Mike began creating dioramas in the mid-eighties while his interest in art and war history continued to grow. He also was inspired by the recollections from his father, Jack Carlson, and his uncle Don McKee. Both served in the European Theater during WWII, with Uncle Don being in the 3rd Armored Division at the Battle of the Bulge. Mike’s love of reading war history encouraged him to create 3D images. He felt that dioramas better depicted the horrors of war, as well as the heroism and sacrifices made by our armed forces and their families. He had a room in his house dedicated to his hobbies and was able to display his earlier dioramas. That house was totally destroyed by fire in 2014, but since then he has recreated and created over 50 dioramas that currently line the walls of his hobby room. He has said more than once, “That’s it – I’m out of space!” Then another war history book is read and another story needs to be told, so there is rearranging and more space found!
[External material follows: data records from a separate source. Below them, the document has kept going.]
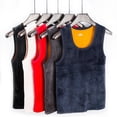 thumbnail image 5 of Chaqueta térmica de terciopelo acolchado dorado de doble cara para hombre de invierno para hombres mayores, 5 of 5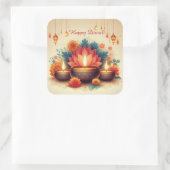 Happy Diwali Diya Lotus Festival van Lichte Bloeme Vierkante Sticker (Tas)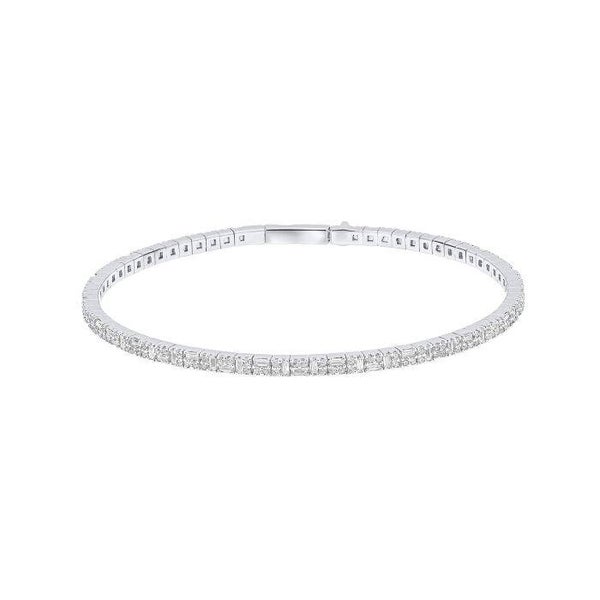 Silver Bracelet B5578 Diamonfire Multi-Stone Flexi Bangle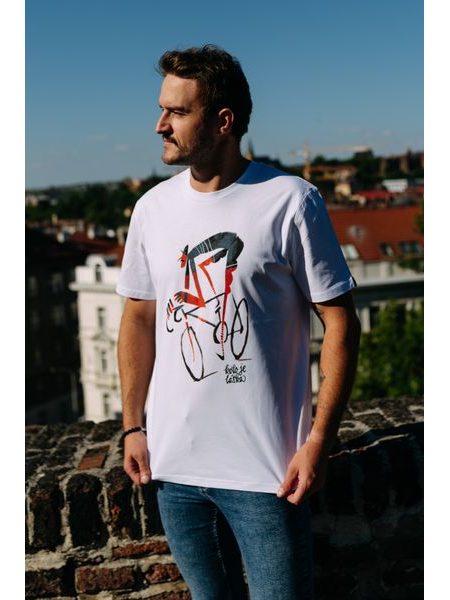 Tričko Kolo je láska Série cyklistů Chrt - unisex - bílá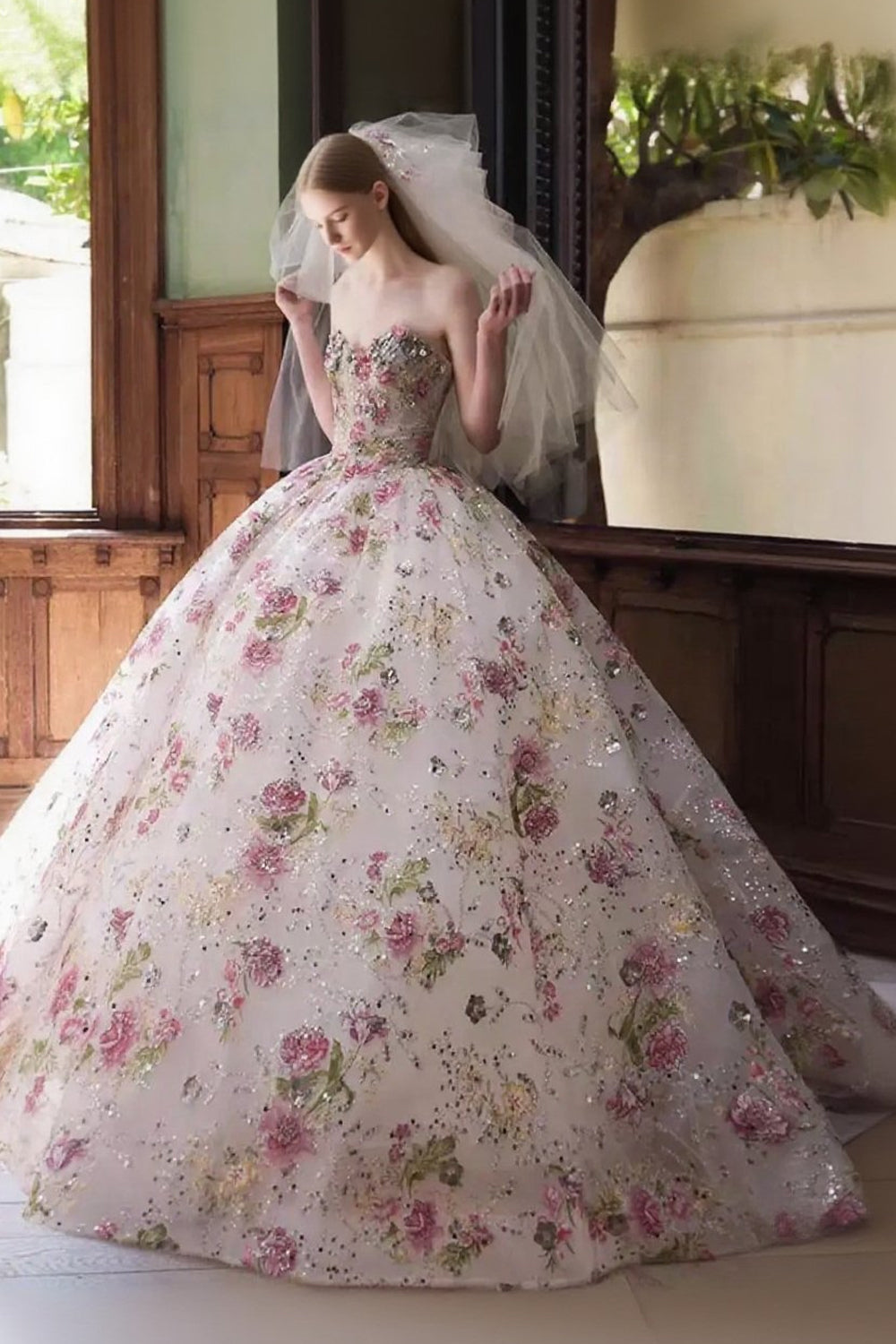 Floral Sequined Lace Strapless Ball Gown Prom Dresses, CP1065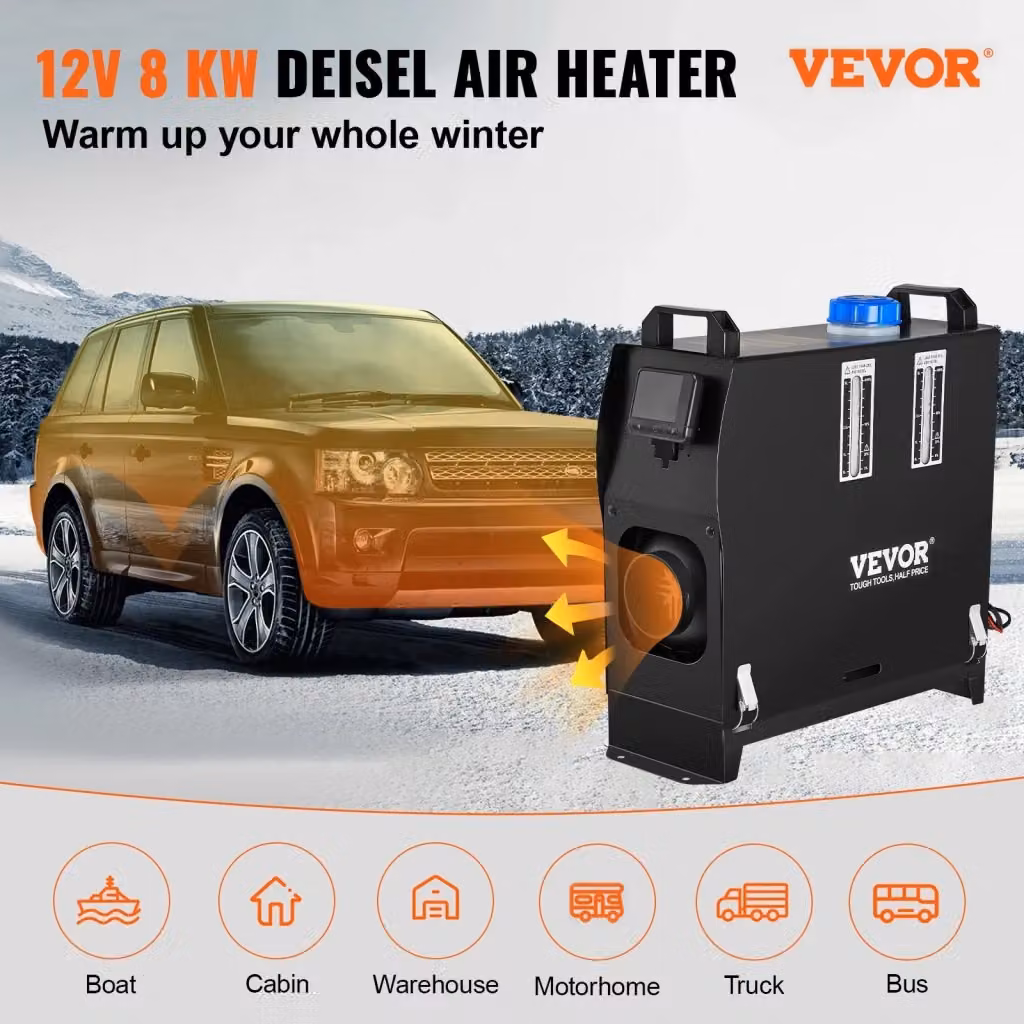 Riscaldatore ad Aria Diesel Vevor 8KW 12V con Display LCD e Telecomando, Nero, in Metallo e Alluminio per Camper, Camion, Barca e Roulotte – 2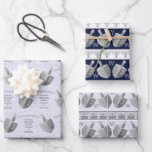 Hanukkah Dreidels Silver Monogram Assortment Wrapping Paper Sheet<br><div class="desc">Create your own personalised gift wrapping paper sheets assortment with your optional monogram and custom greeting on these Hanukkah Dreidels in faux silver design templates. The first sheet features a faux fabric texture background and rows of Dreidels in silvery grey with a touch of faux glitter. Text templates in dark...</div>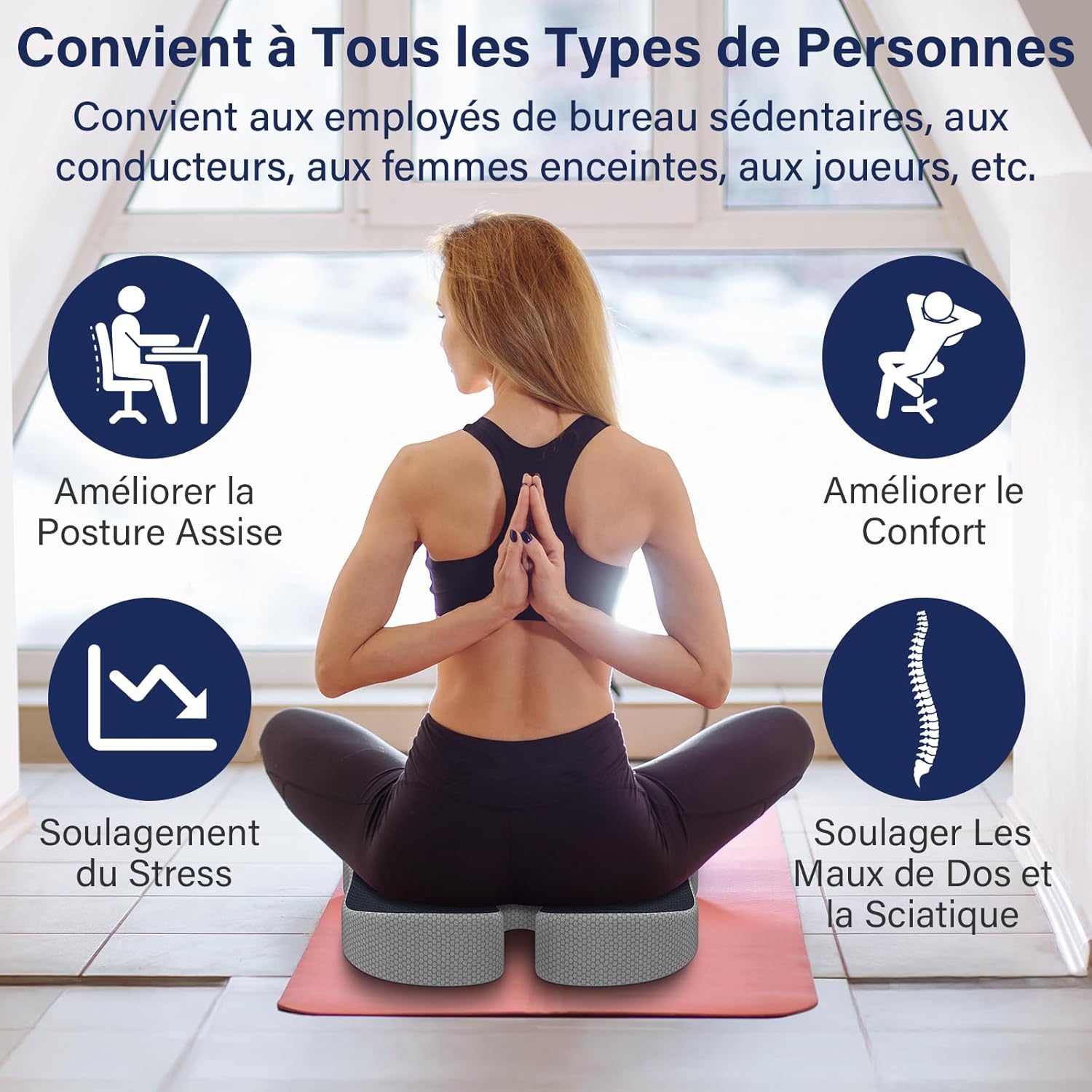 Coussin coccyx - ergonomique, soulage douleur hanches & sciatique, assise chaise bureau, gris foncé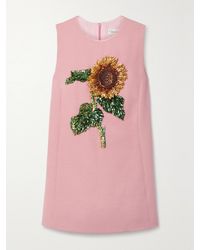 Oscar de la Renta - Embellished Wool And Silk-Blend Mini Dress - Lyst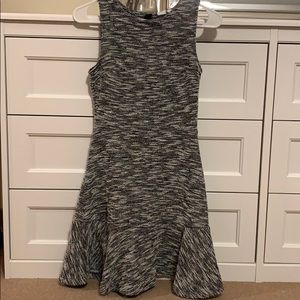 Flounce bottom tweed dress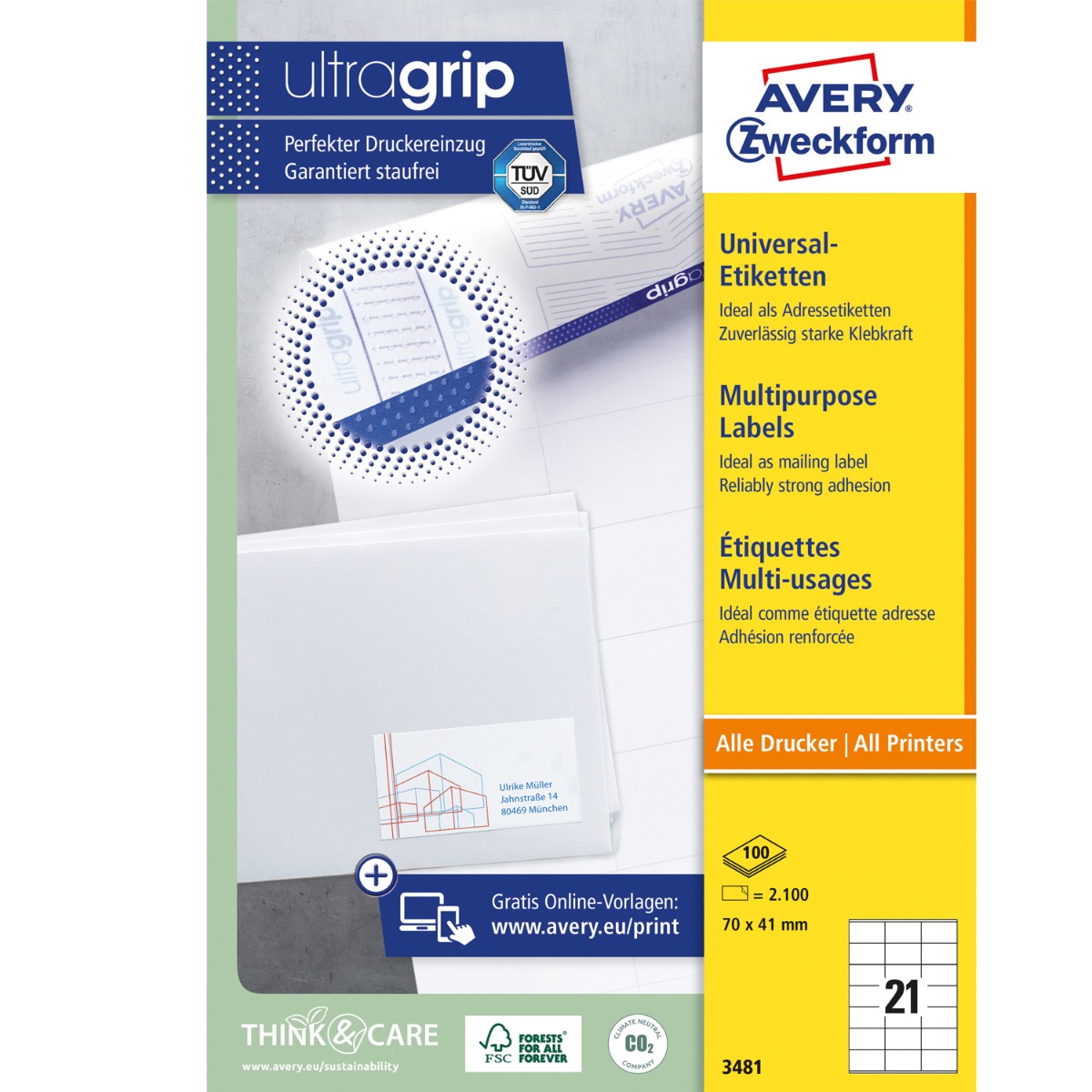 Avery Zweckform, Avery Labels 70 x 41mm White, A4 (3481)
The dioramas are done in 1/18 or 1/6 scale with much imagination and detail, including hand painting and detailing the figures, vehicles, and structures, to make them look as realistic as the photos he has seen and stories he has read of actual events. Mike uses acrylic paints, balsa wood, and natural foliage. Paper-mache and foam insulation create variances in landscape elevation and terrain. The dioramas range in size from 14” deep by 14” wide to 18” deep by 40” wide. He has created dioramas for different battles and scenes from the Civil War, WWI, WWII, the Korean conflict and the Vietnam conflict, as well as some non-military dioramas. Dioramas vary in the time they take to create, anywhere from one week to more than one month, depending on size and detail. Mike has also collected 16 WWII, 1/18 scale aircraft which he has highly detailed and weathered for realism.